The royalist movement Action française was able to hold its symposium Saturday in Paris and will be able to demonstrate Sunday to celebrate Joan of Arc, the justice having suspended the ban pronounced by the prefecture of police after an instruction of the Ministry of the Interior targeting several demonstrations of the extreme right.

About 350 people, including some masked individuals dressed in black, attended the symposium, entitled "The France in danger", which began around 15:15 p.m. and ended around 19 p.m. under heavy police surveillance in the twelfth arrondissement of Paris, an AFP journalist found.

"The execution of the order of the prefect of police of May 12, 2023 is suspended," said the administrative court of Paris in an order sent to AFP, less than three hours before the meeting.

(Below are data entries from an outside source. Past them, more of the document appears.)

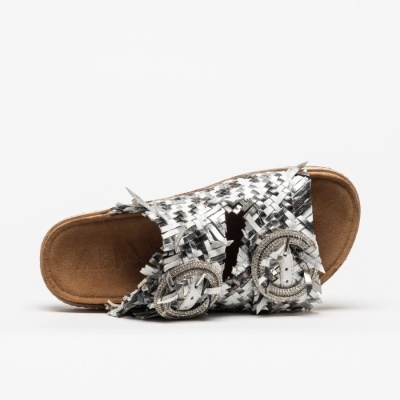 Chinelo de senhora prateado com palmilha castanha e fivelas decorativas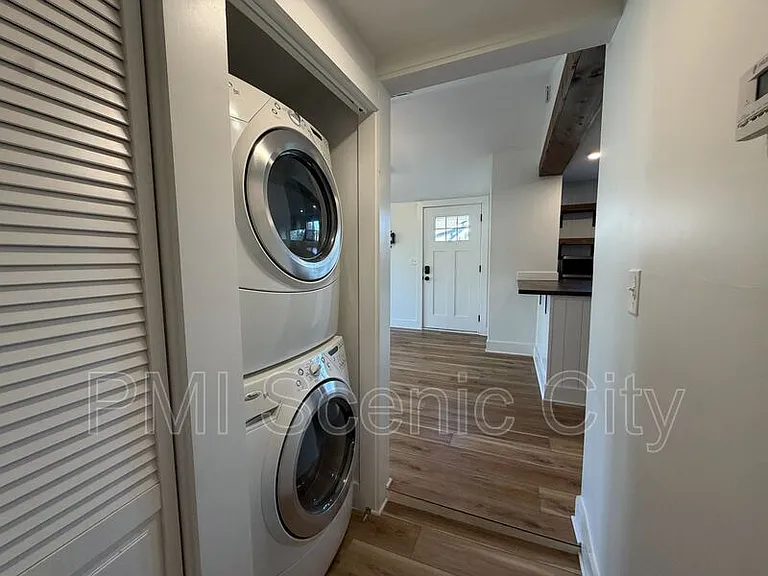 607 Franklin St — Photo 16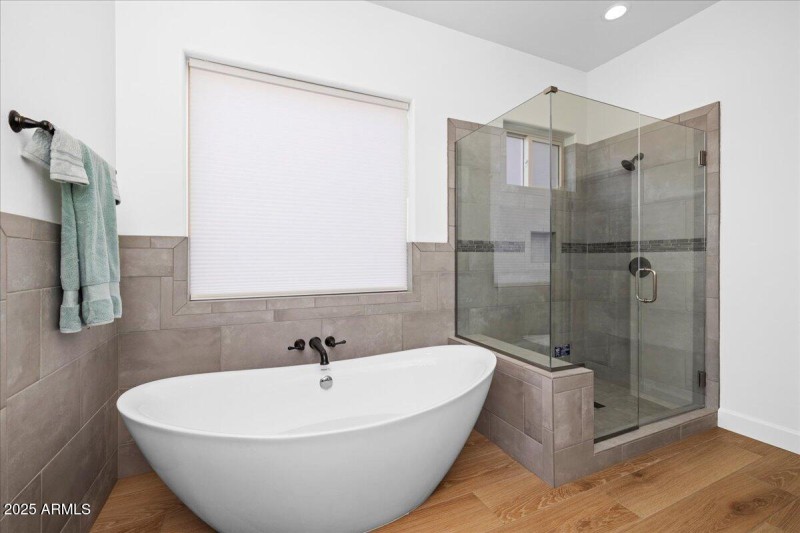 16-Master Bathroom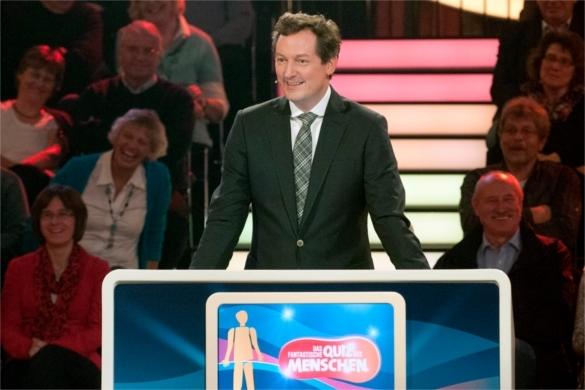 Einer unserer Lieblingsquizonkel: Dr. Eckart von Hirschhausen begrüßt Barbara Schöneberger. Das Fantastische Quiz des Menschen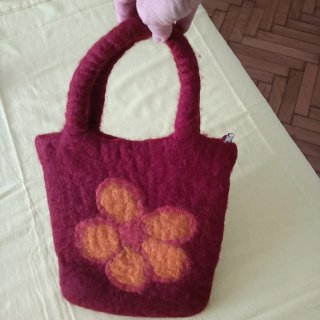 Borsetta a mano un lana cotta con fiore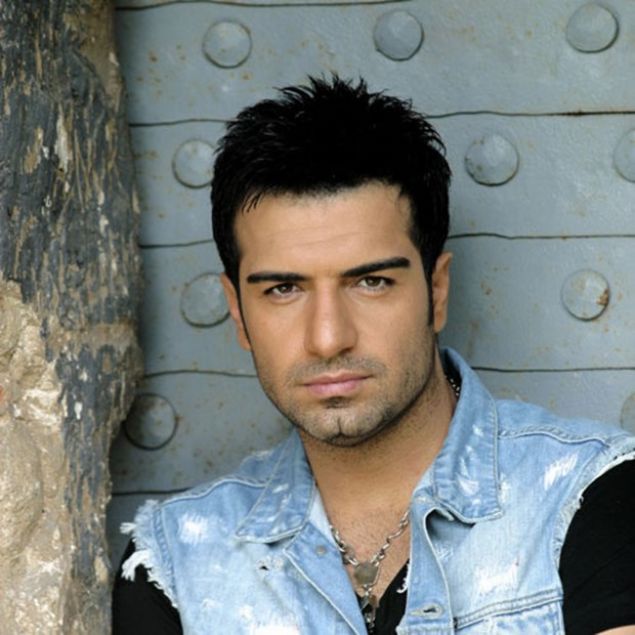 BERDAN MARDN: 15 Temmmuz'da darbecilere kar gen, yal, kadn, erkek demeden hep birlikte direndik. Darbecilere darbe vurduk. Bir ve beraber olunca btn dnyaya neler baarabileceimizi hep birlikte gsterdik. 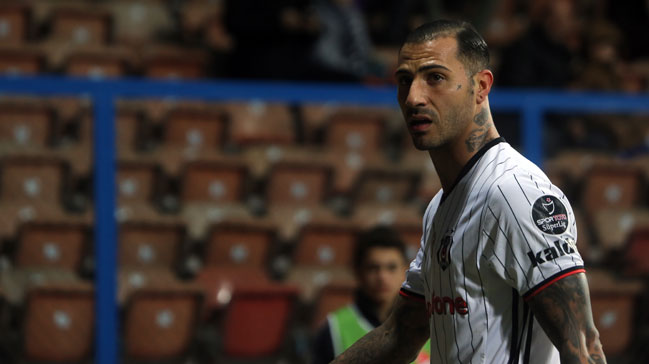 Karabük'te Beşiktaş otobüsüne taşlı saldırı!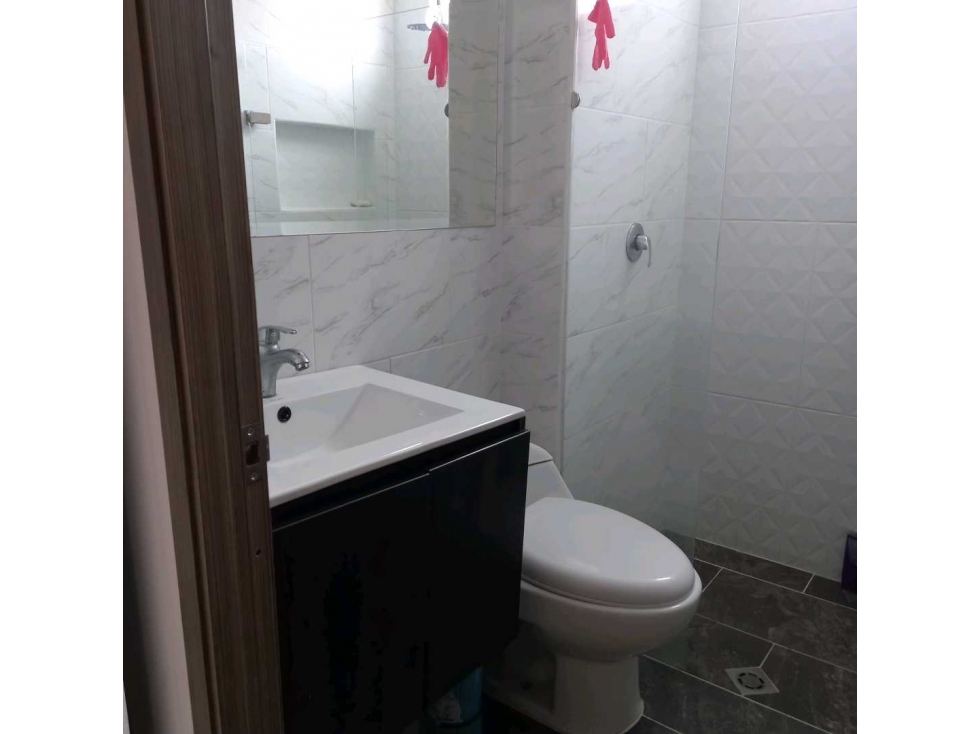 Venta apto sector Belén loma de los bernal remodelado parte baja — foto 6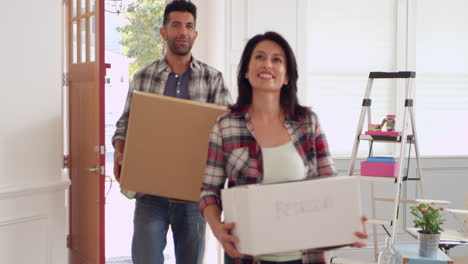 una pareja hispana se muda a una nueva casa filmada en r3d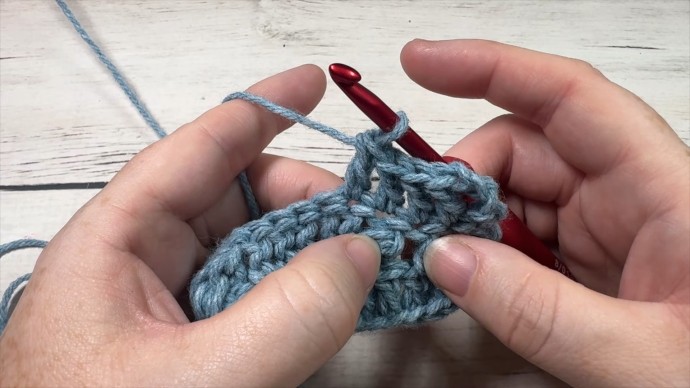 How to Crochet the Climbing Puffs Stitch Photo Tutorial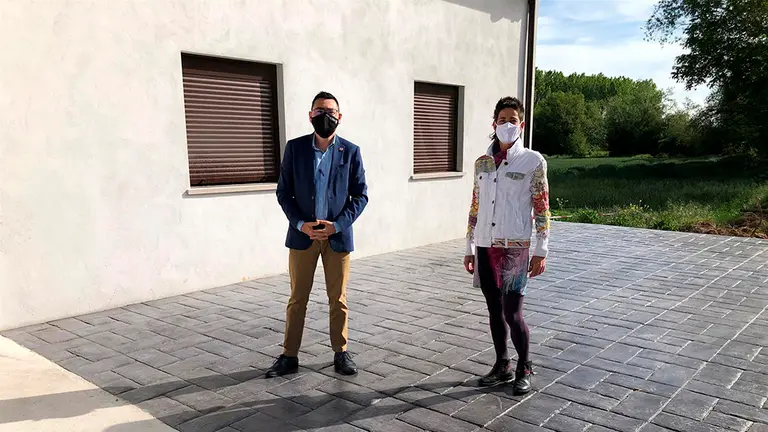 El director general de Administración Local y Despoblación, Jesús Mari Rodríguez, y la alcaldesa de Marañón, Laura Corres. GOBIERNO DE NAVARRA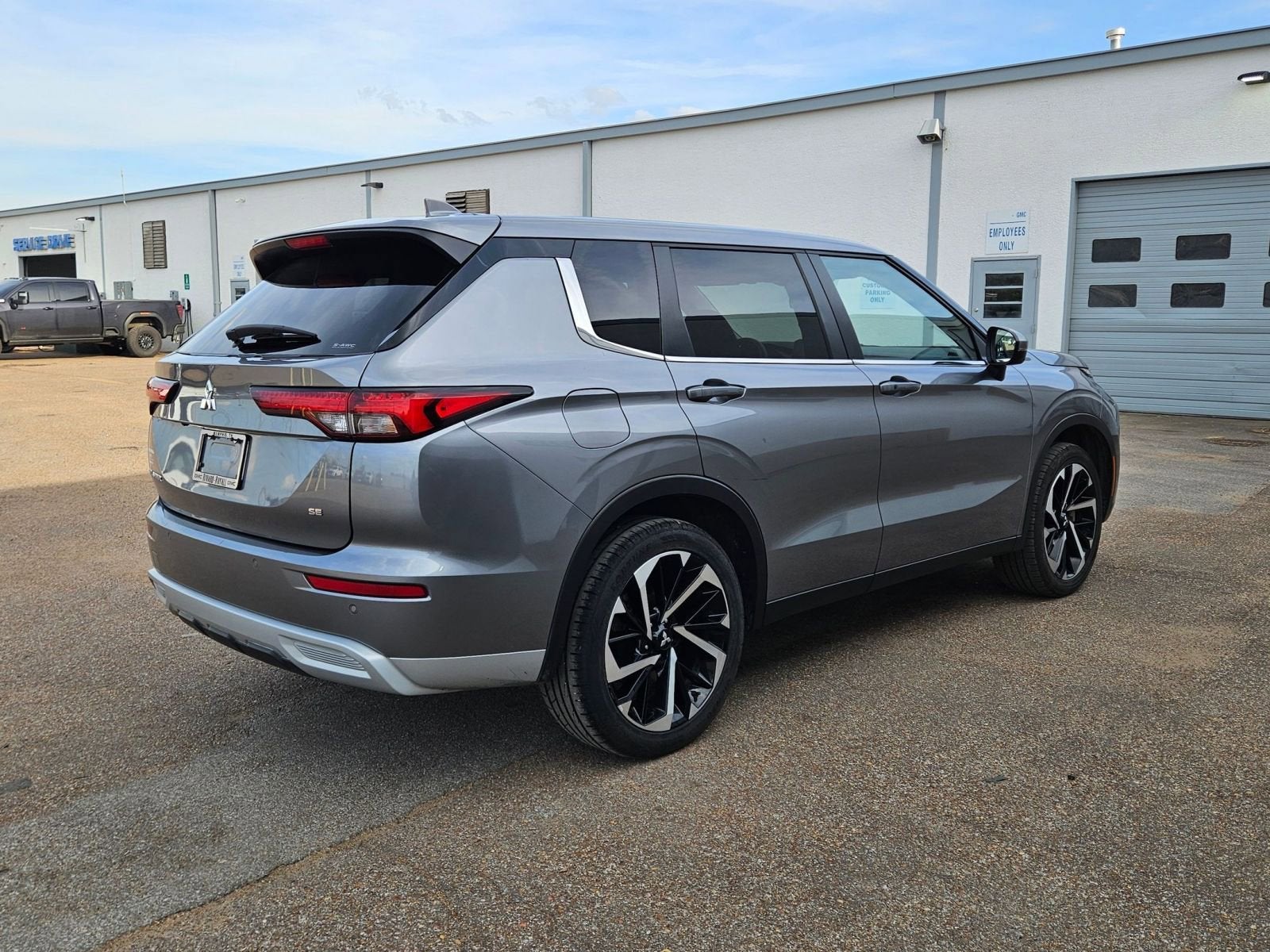 2024 Mitsubishi Outlander SE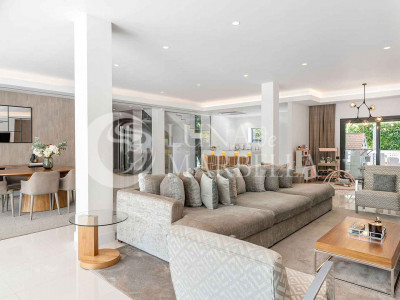 Villa for sale in Benahavis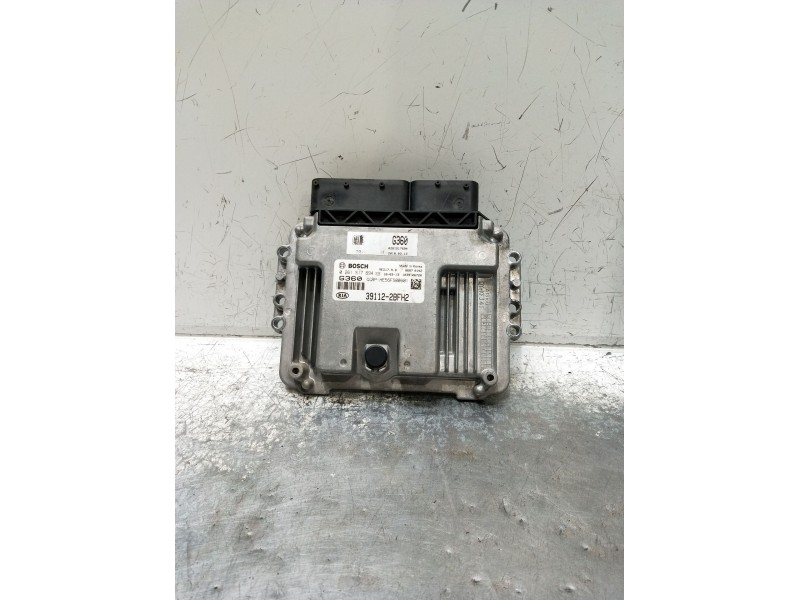 Recambio de centralita motor uce para kia carens ( ) referencia OEM IAM 8261S17694 391122BFH2 HE56FS00601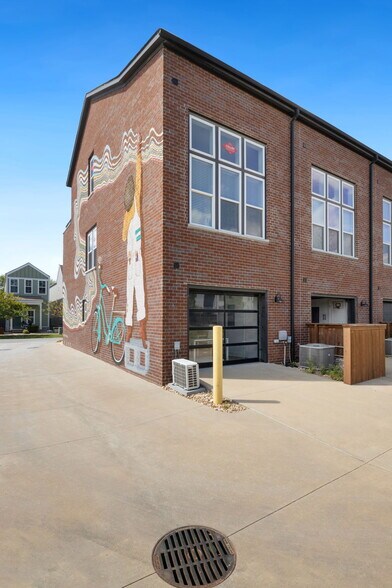 More Photos Of 437 SW B St, Bentonville Apartments For Lease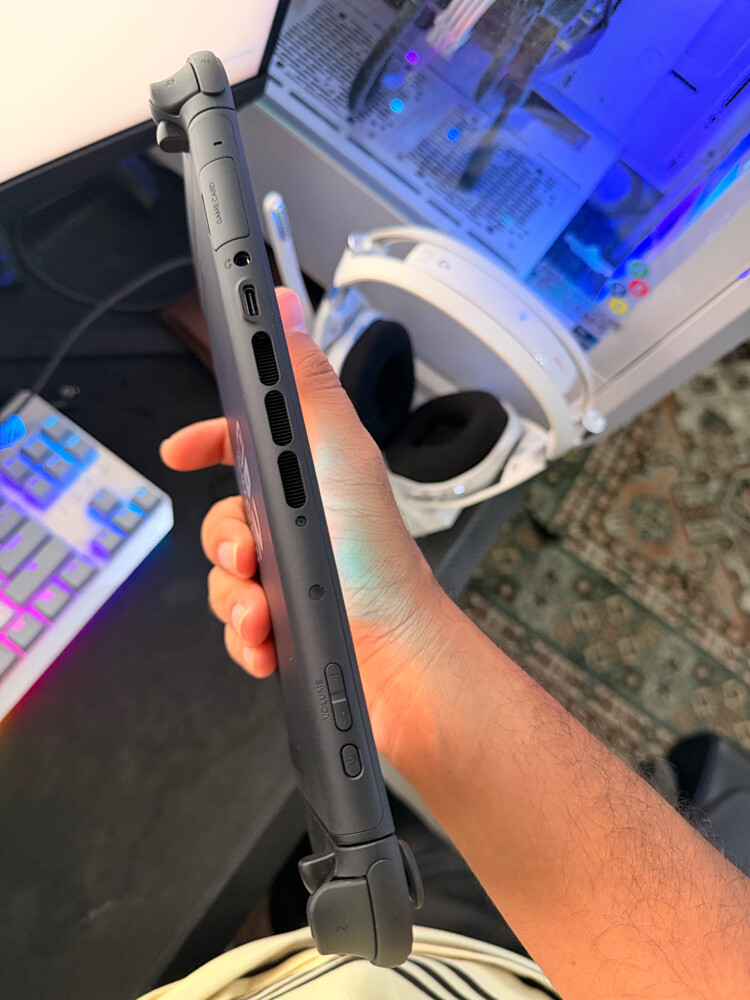 Nintendo Switch 2 with complete acc - 5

In the early evening, the administrative court also authorized the holding of a demonstration of the Action française in tribute to Joan of Arc Sunday morning in Paris. On the other hand, the court rejected the appeal of the small group classified to the extreme right, "The nationalists" of Yvan Benedetti, which also challenged the ban on a rally at the same time on Sunday.

The police prefecture had published several orders on Friday, after a circular from Interior Minister Gerald Darmanin to ban any gathering "of the ultra-right or the extreme right", after the controversy sparked by the demonstration in Paris on May 6 of ultra-right activists.

L'Action française and Les nationalistes had applied to the administrative courts for an interim relief procedure, an emergency procedure when the applicant considered that there had been a "serious and manifestly unlawful infringement" of a fundamental freedom on the part of a State service.

Stickers with the logo of Action française during a conference of the royalist movement, May 13, 2023 in Paris © Thomas Samson, AFP

The prefecture of police had banned a total of six gatherings planned for this weekend in Paris, including five at the call of movements classified as far right, arguing in particular a risk of disturbance to public order.

Among them: a march of the military association "Place d'armes" Saturday afternoon, as well as a demonstration of "yellow vests", which took the same route.

The "yellow vests" gathered despite the prohibition order, "told AFP the prefecture of police of Paris, specifying that a "dispersion" had taken place. A total of 62 people were fined for participating in a banned demonstration.

Legally fragile

According to Olivier Perceval, secretary general of Action française, interviewed by AFP during the conference, the demonstration of tribute to Joan of Arc has been banned only twice before: "the first time by the Germans during the war, the second time by Joxe", Minister of the Interior at the time, after the desecration of the Jewish cemetery of Carpentras in 1990.

In the orders taken Friday, the prefect of police Laurent Nuñez had justified the ban in particular by the fact that the gatherings are part of a "particularly tense context" after "the controversy aroused by the demonstration organized by the Committee of 9-May" last Saturday in Paris.

The political director of Action française François Marcilhac speaks at a symposium entitled "La France en danger", on May 13, 2023 in Paris © Thomas Samson, AFP

These activists, dressed in black and often masked, displayed black flags marked with the Celtic cross. They were demonstrating to commemorate the 29th anniversary of the death of a far-right activist, Sébastien Deyzieu, who died in an accident in 1994.

The prefect of police also pointed to the "risk of disturbances to public order", while several of these demonstrations have prompted calls for counter-rallies by organizations "close to the radical left" and that a mobilization of the "antifascist movement" that could "try to physically attack" ultra-right activists is possible.

The prefect also mentions, in some decrees, the "risk of clashes" between far-right activists themselves, recalling that some had already fought during the previous edition of this tribute to Joan of Arc.

But Gérald Darmanin's decision had also led to controversy, many considering it legally fragile.